The court will examine a key section of the 1996 Defense of Marriage Act. The Obama administration announced in 2011 it was abandoning defense of the law, and a string of lower courts has said it is unconstitutional to deny federal benefits to same-sex couples who are legally married in the states where they live while offering them to opposite-sex married couples.
This marks the first time the justices will hear arguments relating to same-sex marriage. Because the DOMA case concerns couples who already are married under state law, the case they selected would not require an answer to the broader constitutional question of whether homosexuals must be allowed to marry.
The court also said it would review a lower court’s decision to overturn Proposition 8, in which California voters in 2008 amended the state’s constitution to ban same-sex marriage.
That case offers the court a more direct path to deciding whether the fundamental constitutional right to marry may be limited based on sexual orientation. But because of the way the U.S. Court of Appeals for the 9th Circuit decided the case, such a finding is not required.

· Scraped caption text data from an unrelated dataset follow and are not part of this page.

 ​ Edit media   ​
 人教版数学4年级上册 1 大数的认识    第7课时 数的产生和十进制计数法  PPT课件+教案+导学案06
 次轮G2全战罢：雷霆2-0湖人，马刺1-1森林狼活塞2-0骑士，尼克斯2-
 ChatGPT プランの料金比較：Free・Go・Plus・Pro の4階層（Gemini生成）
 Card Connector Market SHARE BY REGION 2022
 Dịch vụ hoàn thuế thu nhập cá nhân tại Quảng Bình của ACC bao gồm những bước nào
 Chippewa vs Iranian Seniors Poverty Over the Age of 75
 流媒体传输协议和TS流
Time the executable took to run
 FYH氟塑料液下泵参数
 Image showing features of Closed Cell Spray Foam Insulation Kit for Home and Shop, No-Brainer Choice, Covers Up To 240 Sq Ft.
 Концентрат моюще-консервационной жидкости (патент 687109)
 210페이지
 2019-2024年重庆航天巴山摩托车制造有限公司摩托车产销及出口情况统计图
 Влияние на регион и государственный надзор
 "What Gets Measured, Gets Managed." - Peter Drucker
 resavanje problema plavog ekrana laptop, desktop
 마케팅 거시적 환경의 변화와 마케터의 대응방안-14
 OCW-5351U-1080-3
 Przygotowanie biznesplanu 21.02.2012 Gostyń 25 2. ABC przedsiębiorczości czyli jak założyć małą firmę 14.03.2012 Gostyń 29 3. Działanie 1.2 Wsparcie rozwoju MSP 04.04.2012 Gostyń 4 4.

The issue of marriage is traditionally one that individual states control, and nine — including Maryland — plus the District of Columbia either allow same-sex marriages or soon will. The rest do not, and 31 states have amended their constitutions to ban same-sex marriage
The two cases were picked from a batch of petitions that brought the issue to the court. The decision to hear the cases heralds a landmark term for the court on civil rights issues; already it has agreed to decide whether racial preferences may play a role in college admissions and the future of a key part of the Voting Rights Act of 1965 enacted to protect minorities.
The Proposition 8 case is Hollingsworth v. Perry, and the DOMA case is United States v. Windsor.